Live Observability Infrastructure

Analytics Worker

Observability infrastructure for the whole network. Uptime monitoring, incident management, analytics proxying, and runbook execution — one Worker, zero servers.

The Analytics Worker is the operational backbone. It monitors every site in the network, alerts on downtime, proxies analytics past ad blockers, and exposes observability APIs that Golem and dashboards consume. It's the thing that wakes me up when something's broken.

How It's Built

Architecture and implementation.

PostHog analytics proxy

Ad blockers kill analytics. Every channel site gets a ph.<domain> subdomain. The Worker proxies requests to PostHog's EU servers — static assets to CDN, API calls to ingestion endpoint. Browser sees first-party subdomain.

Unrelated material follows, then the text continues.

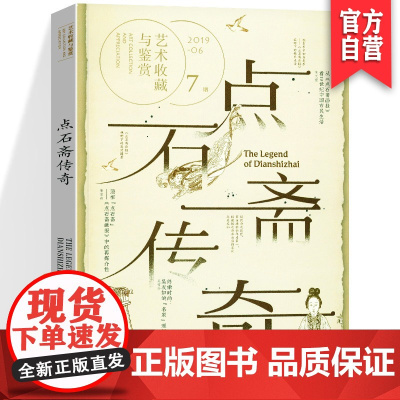 正版《点石斋传奇》艺术鉴赏与收藏 第7期 点石斋画报 吴友如 “人面兽” 志怪图像 中西融合 湖南美术出版社店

Uptime monitoring with alerting

Cron trigger every 5 minutes. Checks all targets: HTTP status, response body validity, latency (flags anomalies above 3.5s), form verification. State transitions trigger Discord alerts and Golem webhooks.

Job heartbeat supervision

Background jobs POST heartbeats to /ops/jobs/heartbeat. Configurable SLA per job — if a job hasn't checked in within the allowed window, an incident is created. Catches the silent failures that cron monitoring misses.

Observability REST API

Authenticated endpoints: GET /ops/summary, /ops/incidents, /ops/anomalies, /ops/target/:id. POST /ops/targets, /ops/runbook/:id/execute, /ops/restart/:target. Consumed by Golem and dashboards.

Runbook execution (approval-gated)

Runbook execution creates an incident and sends a webhook to Golem for approval. Only allowlisted runbook IDs accepted. Actual execution flows through Golem's policy engine with Discord confirmation required.

Frontend crash logging

POST /_log endpoint accepts crash reports from frontend apps, authenticated via shared token. Logs to KV with plans to forward critical crashes to the incident system and Discord.

Architecture Map

Request flow and service topology

Browser analytics → ph.<domain> → Worker → PostHog EU API / CDN

Cron (every 5 min) → Monitor all targets
                       ├── HTTP checks (status, body, latency)
                       ├── State transitions → KV
                       ├── Incidents → KV + Discord notification
                       └── Webhook → Golem gateway

Background jobs → POST /ops/jobs/heartbeat → KV timestamp
                   ↓ (if stale past SLA)
                   Incident created

Golem / Dashboard → GET /ops/* → Health summaries, incidents, anomalies
                  → POST /ops/runbook/:id/execute → Incident + Golem webhook

Frontend → POST /_log → KV crash log

Primitives Used

Every Cloudflare binding in this project.

Workers Single worker handling all proxy, monitoring, and API functions
KV Monitoring state (target status, incidents), job heartbeat timestamps, crash logs
Cron Triggers 5-minute monitoring cycle
Zone Routes 13 domain-specific route bindings for analytics proxy (ph.<domain>)

What Makes This Interesting

The architectural angle worth paying attention to.

This is a complete observability platform — monitoring, alerting, incident management, job supervision, runbook execution, analytics proxying — running as a single Cloudflare Worker with KV for state. No Prometheus. No Grafana. No PagerDuty. No dedicated monitoring infrastructure. The cron trigger fires every 5 minutes, checks everything, updates KV, sends alerts if states changed, and goes back to sleep.